_Data for processing_:

"""

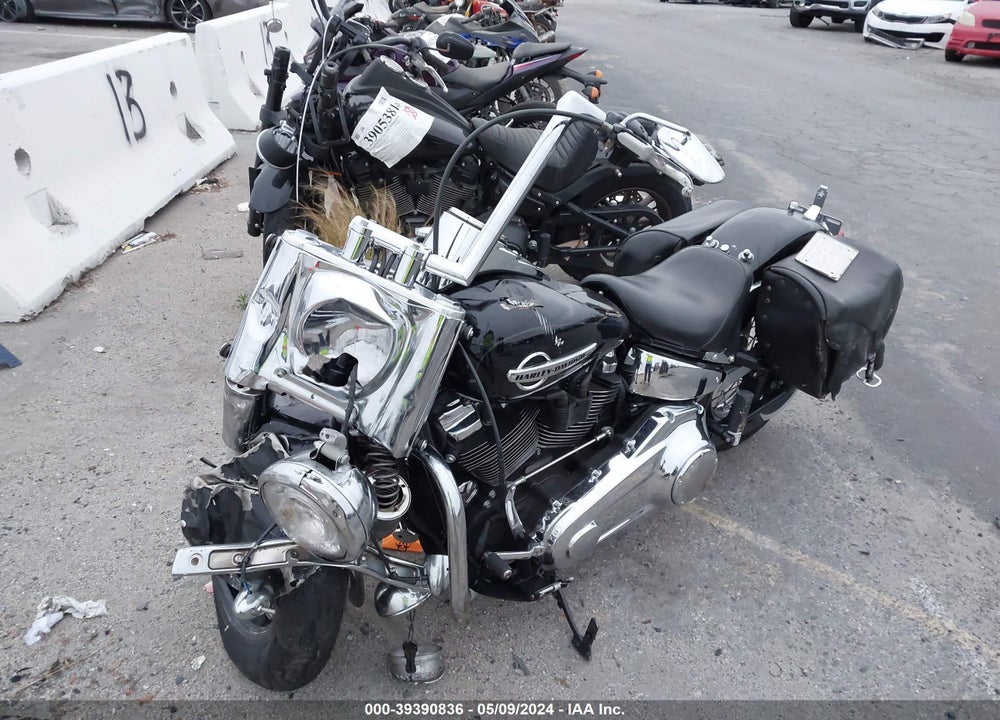 2020 HARLEY-DAVIDSON FLHC VIN: 1HD1YAJ22LB025928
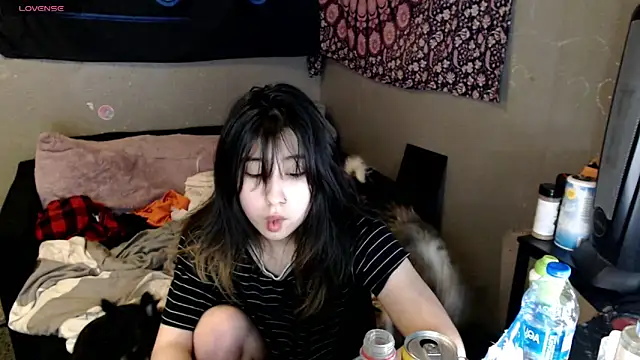 Snapshot of London_Ray chatting on 26, 11, 2025 London Ray online show from 26, 11, 2025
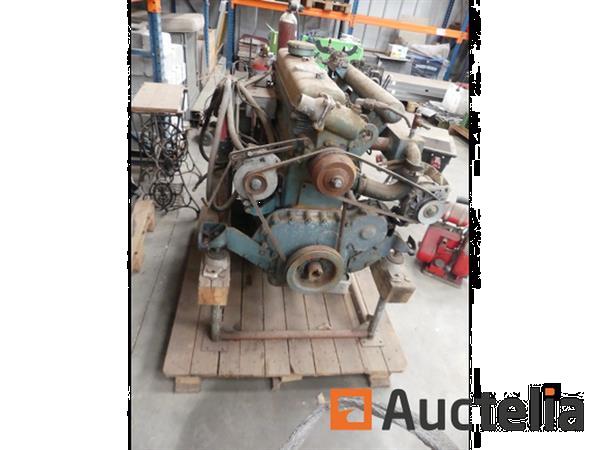 Grote foto vrachtwagenmotor merk en model onbekend agrarisch tractor onderdelen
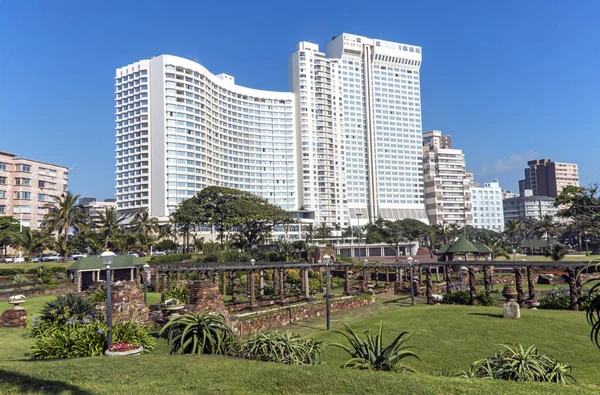 Botanical Garden Against City Skyline on Durban Beachfront — Stock Photo, Image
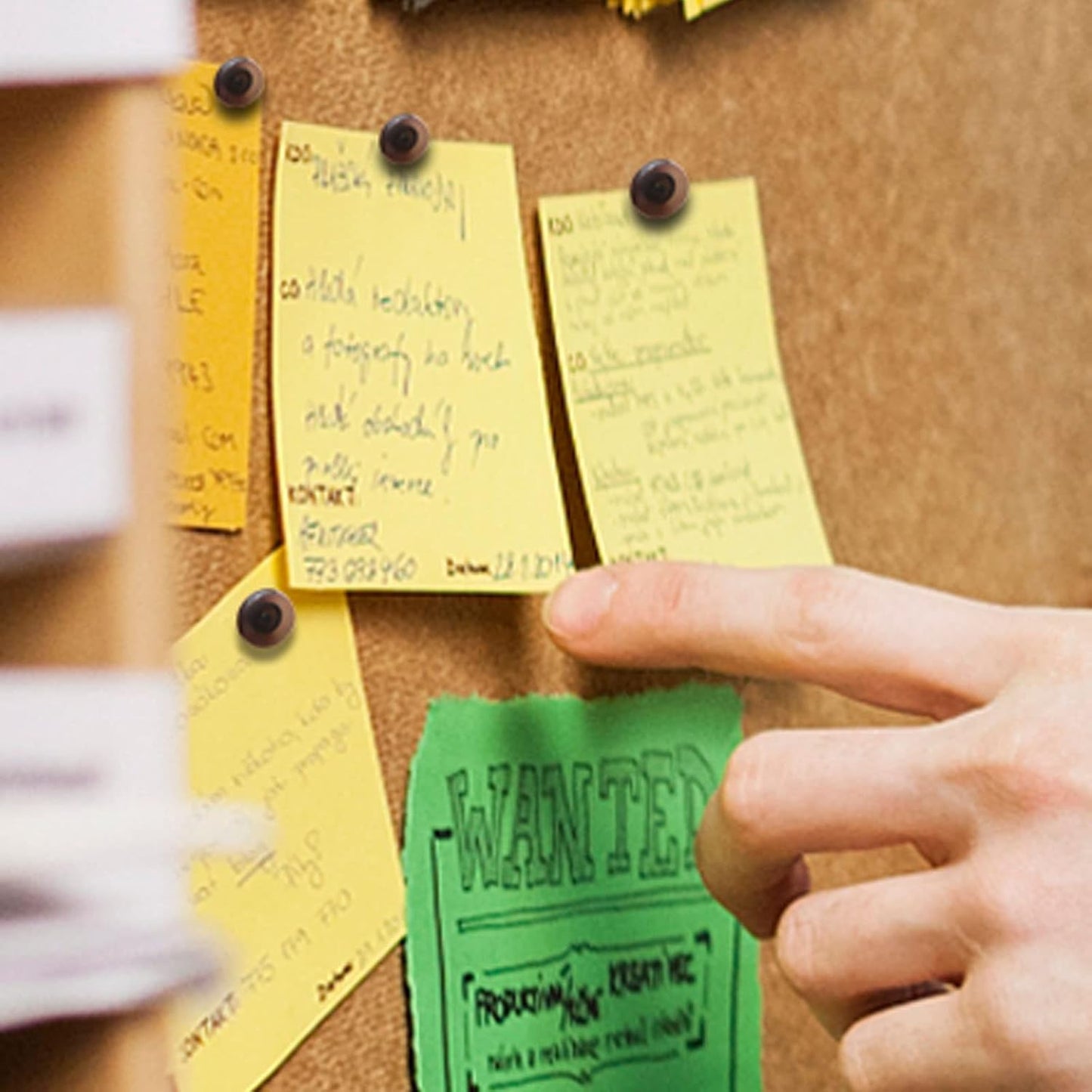 Push Pins for Cork Board,Black Flat Push Pins for Wall Hangings,60 Count Thumb Tacks Plastic Head with Steel Point for Bulletin Board in Reusable Box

"""

_Task directions_:
Return every entry word for word, but drop any pictures.

_Written reply_:
 2020 HARLEY-DAVIDSON FLHC VIN: 1HD1YAJ22LB025928
 Snapshot of London_Ray chatting on 26, 11, 2025 London Ray online show from 26, 11, 2025
 Grote foto vrachtwagenmotor merk en model onbekend agrarisch tractor onderdelen
 Botanical Garden Against City Skyline on Durban Beachfront — Stock Photo, Image
 Push Pins for Cork Board,Black Flat Push Pins for Wall Hangings,60 Count Thumb Tacks Plastic Head with Steel Point for Bulletin Board in Reusable Box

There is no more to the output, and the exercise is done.